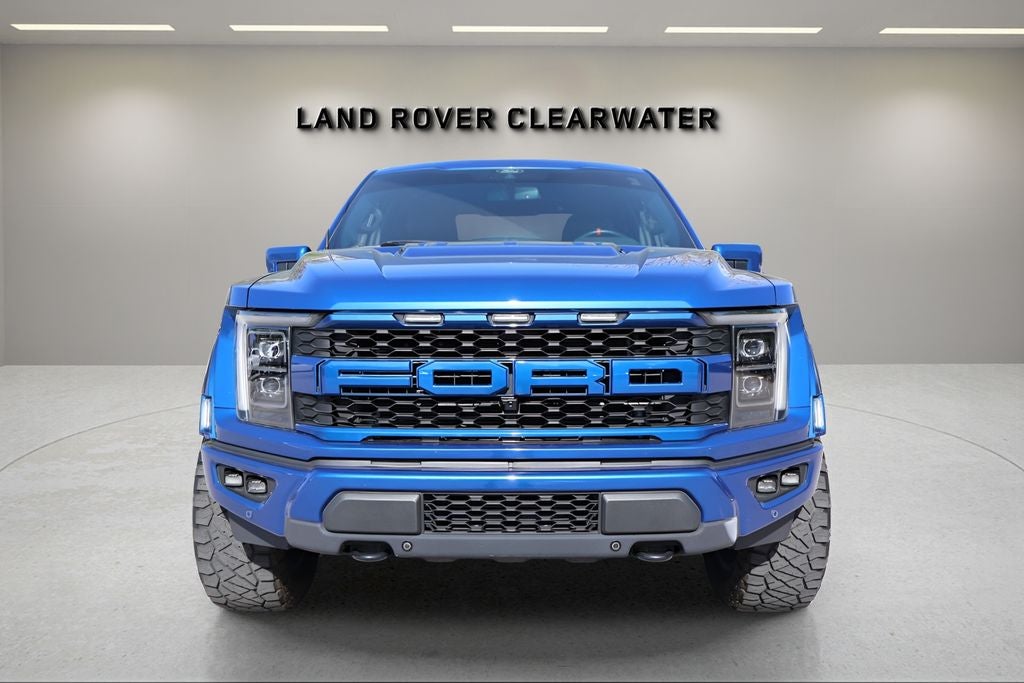 2022 Ford F-150 Raptor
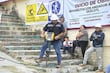 Avanza rehabilitación de andadores en Tlalnepantla Oriente 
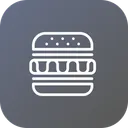 Free Office Stuff Food Icon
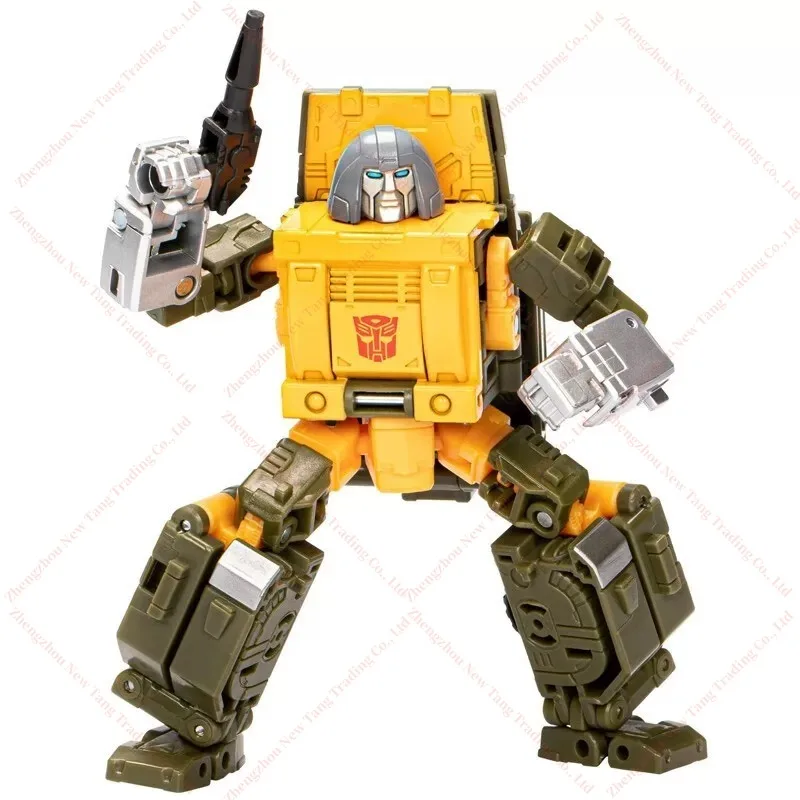 【In Stock】Transformed Toys Studio Series SS86 27 28 Brawn Autobot Ratchet Deluxe Class Action Figure Model Toy Hobby Gift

→ Required work: Go through the listing above and retype each line exactly, apart from the pictures.

→ Result for this exercise:
 2022 Ford F-150 Raptor
 Avanza rehabilitación de andadores en Tlalnepantla Oriente 
 Free Office Stuff Food Icon
 【In Stock】Transformed Toys Studio Series SS86 27 28 Brawn Autobot Ratchet Deluxe Class Action Figure Model Toy Hobby Gift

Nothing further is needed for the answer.